Usia, bagiku bukan hal yang penting diingat. Itulah mengapa perpindahannya tak pernah benar-benar ku tunggu. Biasanya aku teringat saat keluarga memberi hadiah. Itu ritual wajib, utamanya bagi adikku. Dan aku manfaatkan sebagai ajang permohonan. Kakak jahat.
Saat yang lain mengidentikkan pertambahan usia dengan permohonan kepada Tuhan, tidak bagiku. Karena doa yang kupanjat tiap hari, itulah big wishesku. Kenapa pula harus  menunggu pergantian usia? Terlalu lama. Ada baiknya prosesi make a wish berganti dengan penancapan target dalam diri. Sayangnya, aku manusia instan yang tak pernah berjalan bersama target. Menghidupi hidup sebagaimana arus membawa. Beberapa kali mencanang target, selalu gagal. Sepertinya aku bukan tercipta untuk itu.
Di momen pertambahan usiaku ini, aku merasa aura kekhawatiran menyergap orang-orang sekelilngku. Orang-orang yang mencintaiku. Semoga. Kecemasan yang selaras.
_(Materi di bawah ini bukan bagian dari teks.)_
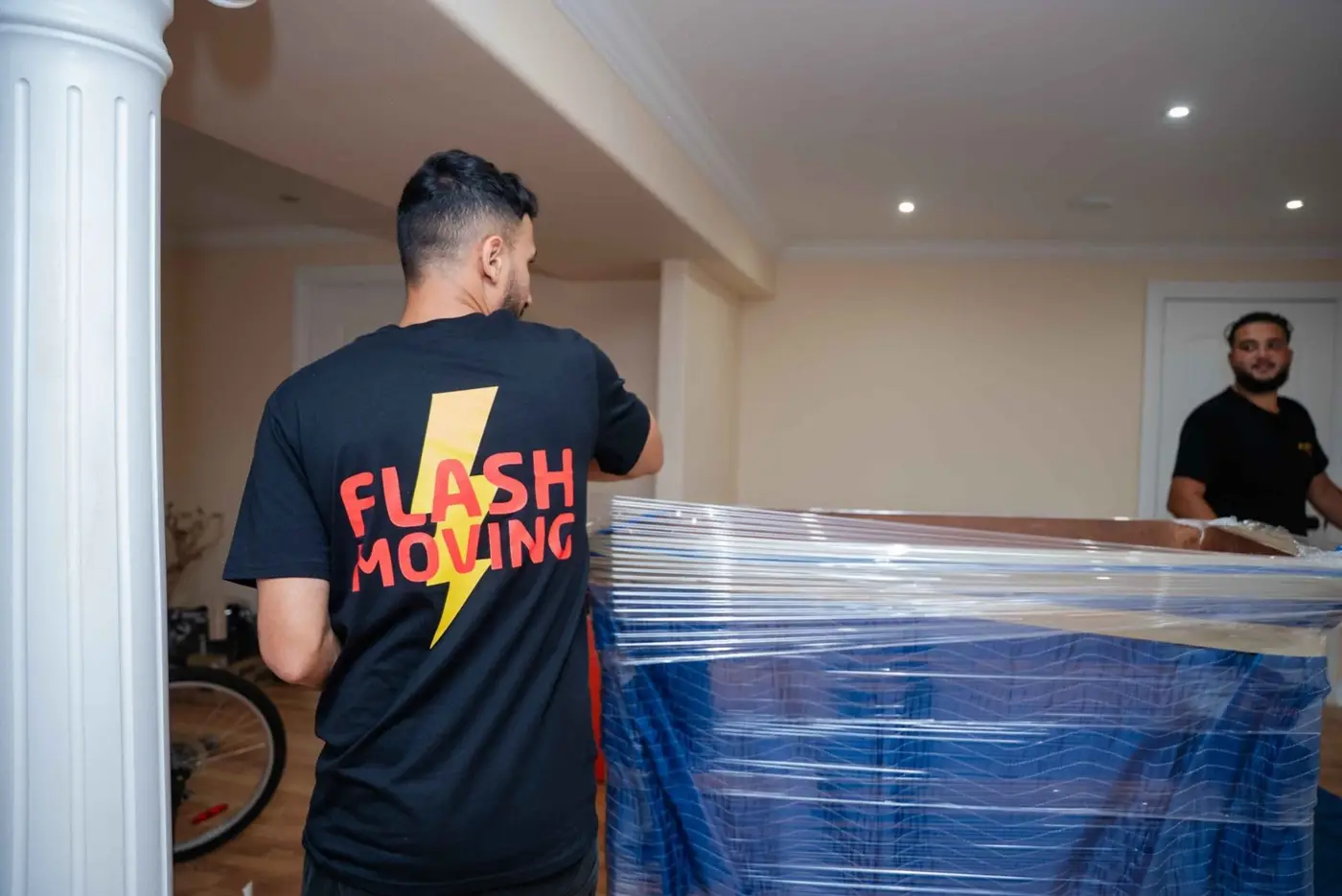 Flash Moving crew member moving wrapped furniture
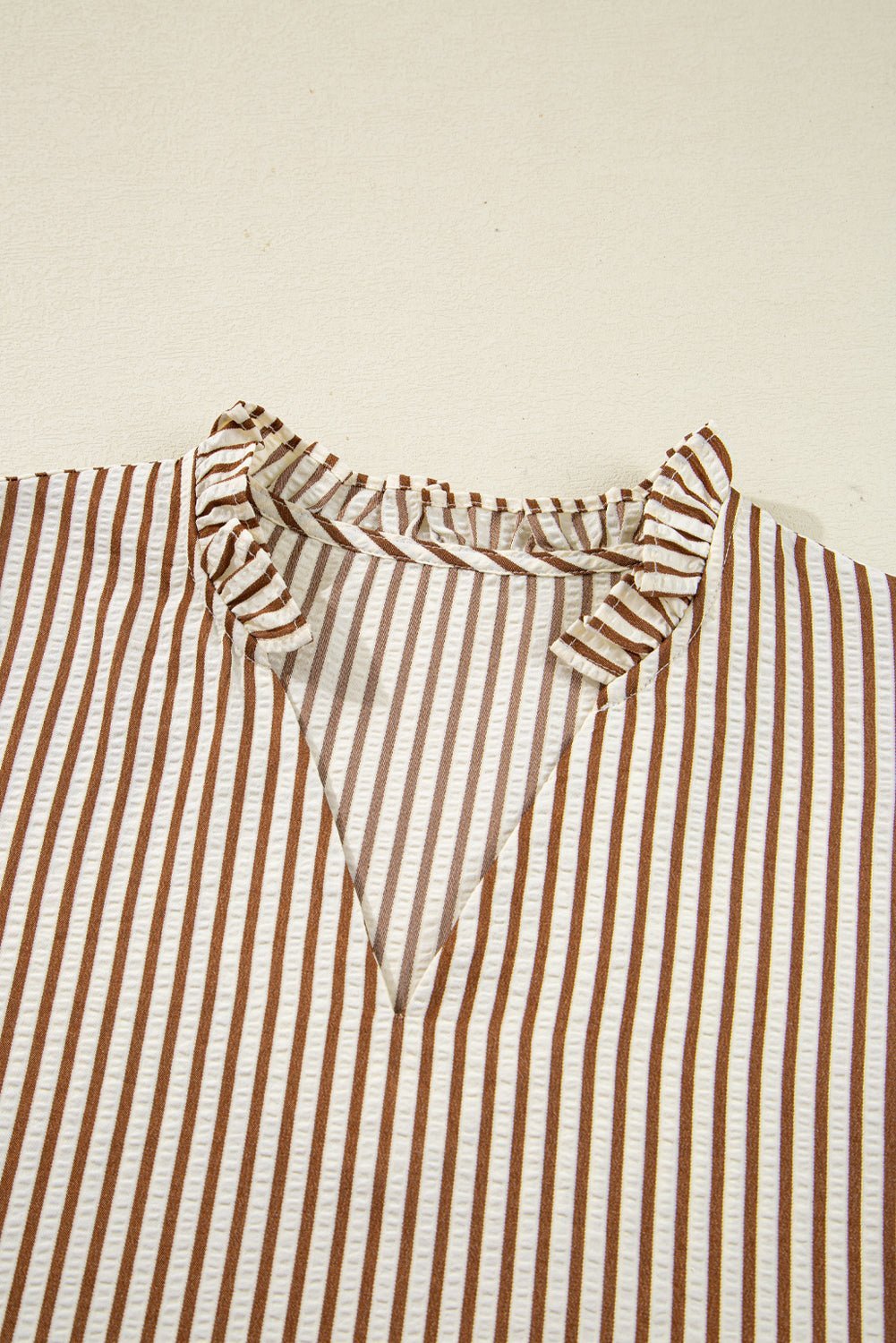 Striped shirt with ruffled collar on a beige background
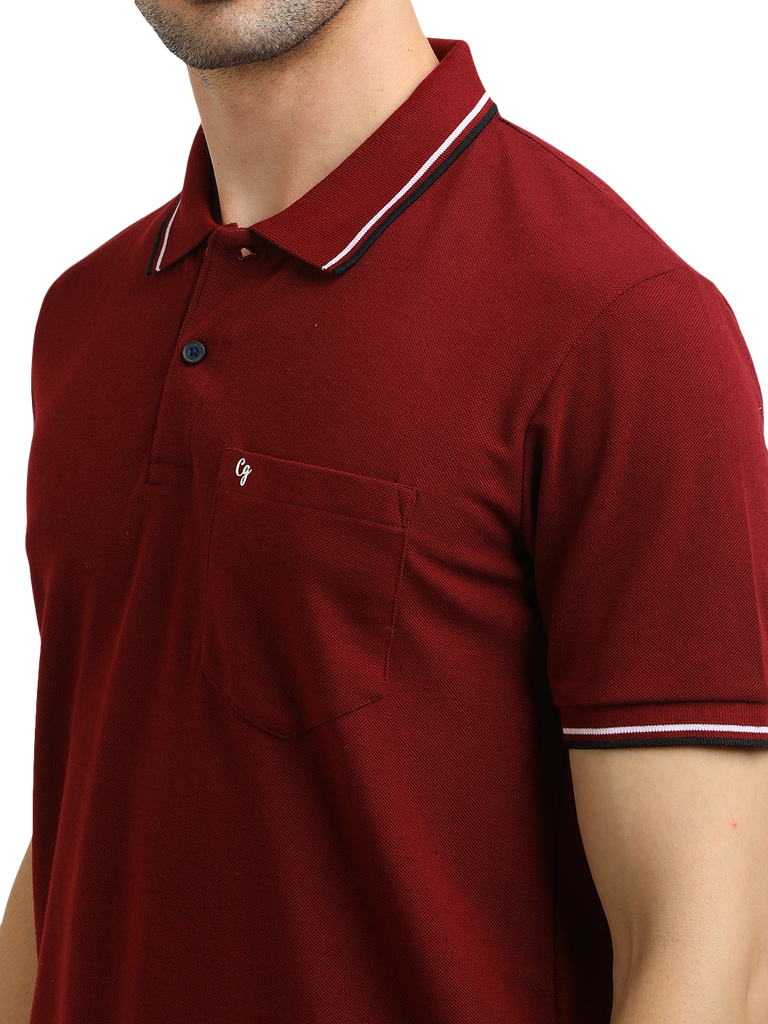 Model wearing Clarke Gable's Maroon Solid Polo Collar T-Shirt in a casual setting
Sebab aku belum lagi bergandeng. Mereka mengira aku tak bahagia. Dan mereka salah. Aku justru bahagia sebab aku merdeka. Aku bebas bergerak, bebas berkawan. Cemas yang mereka rasa hanya sesekali muncul pada diriku, tapi tidak ku anggap sebagai sesuatu yang musti dipikir. Tak baik terlalu memaksa kehendak, itu keyakinanku.
Usia yang hanya kuhitung saat ada penanya, malam itu membikinku ngeh bahwa aku dikelilingi orang-orang yang menyayangiku. Gembiraku, warna dalam hariku, itu sebab mereka pula. Untuk itu, baiknya ku ucap terimakasih yang tak terhingga atas kesediaan menemani orang tak waras macamku. Seorang tua yang tak mengakui ketuaannya.